Risks And Watchpoints
- Promoter dilution signal. A 12-point drop in promoter holding within two quarters, without a disclosed strategic rationale in the public summaries, is the single largest red flag — verify whether this is an OFS, open-market sale, gifted stake, pledged share invocation or formal SAST-disclosed transaction.
- Quality of earnings. FY25 cash from operations is -₹17 Cr against ₹6 Cr reported PAT; 8-year aggregate CFO is -₹34.56 Cr against ₹27.21 Cr aggregate net profit (valueresearchonline.com). Inventory days nearly doubled to 152.
- Valuation premium. Smart-investing.in models put intrinsic value at ₹6.82 (vs ₹12.27 market) and brand the stock "Bad — Stock is Expensive"; valueresearchonline.com gives a Quality Score of 2/10 and Valuation Score 3/10.
- Lumpy margins. Nine quarters of OPM range from 3.35% to 17.90% — execution and raw-material PP price exposure are clearly variable, and 17.9% OPM is unlikely to be the through-cycle average.

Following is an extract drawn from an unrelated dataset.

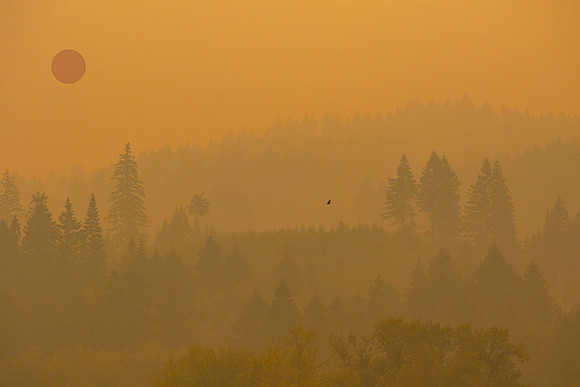Trees Smoke & Sun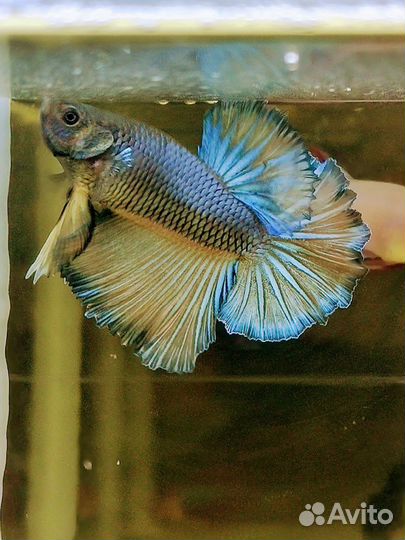 Рыбка петушок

- Rising leverage funding capex. Borrowings tripled (₹13 → ₹48 Cr) over 18 months while FCF stayed deeply negative. A further leg of capacity additions (aerospace composites) likely needs more capital.

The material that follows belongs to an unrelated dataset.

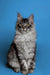 Long-haired Maine Coon kitten with ear tufts and alert expression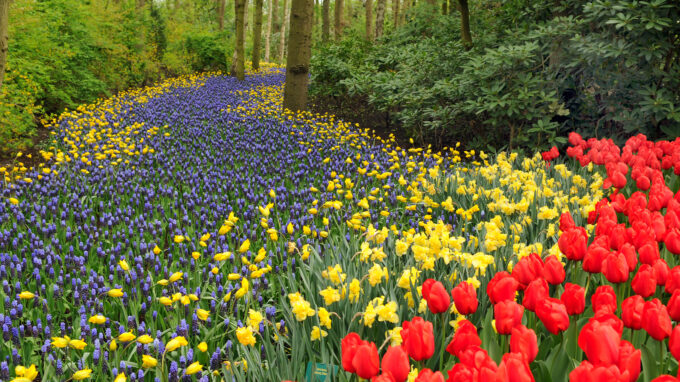 Yellow Daffodils, Red Tulips and Muscari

- Float and liquidity. Small-cap (~₹517 Cr), no DII/FII institutional anchor (DII 0.06%, FII not reported), no dividend, 20-day average volume of 0.55 mn shares per livemint.com. Tickertape.in flags ~4x Nifty volatility despite the negative-beta print.
What To Verify Next
- Pull the FY25 annual report (BSE filing 354a786f-f7d5-4430-871f-ae758f97e816 or the company's audited 31-12-2025 PDF on shishind.com) for segmental detail, export-mix disclosure, US subsidiary contribution, capacity numbers, and the working-capital and capex schedule.
- Confirm the mechanism behind the 12-point promoter holding decline (SAST / SEBI insider disclosures, BSE/NSE bulk-deal data) and whether shares were placed with strategic investors or sold in the open market.

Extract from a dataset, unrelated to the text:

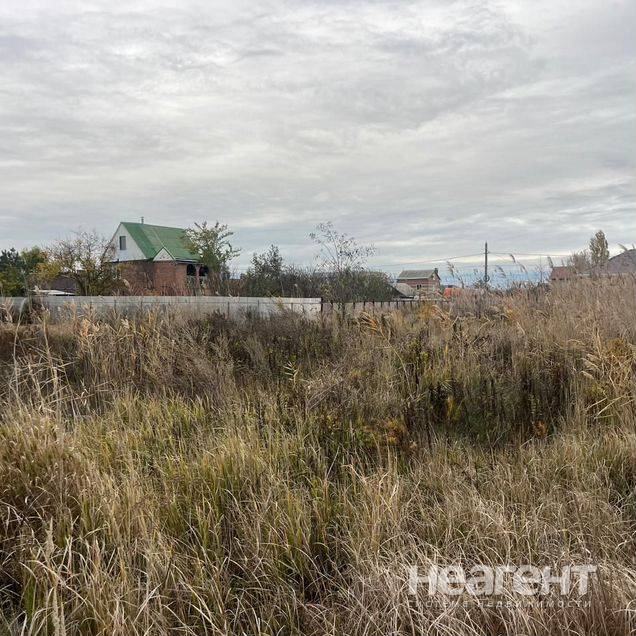 Фотография №4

- Reconcile the negative FY25 operating cash flow against ₹6 Cr net profit and ₹152-day inventory level — is the inventory build-up linked to the Carmika expansion, US subsidiary stocking, or unsold finished goods?
- Track the aerospace composites build-out and any associated capital commitment or pre-orders disclosed in board outcomes (next quarterly board meeting referenced is February 2026 for Q3 results; FY26 audited results due May 2026).
- Validate the ₹76 mn share issue and 2:1 bonus referenced by investing.com — confirm dilution math, EPS rebasing, and the rate at which equity capital and reserves moved between FY24 (₹35 Cr equity, ₹25 Cr reserves) and FY25 (₹38 Cr, ₹68 Cr).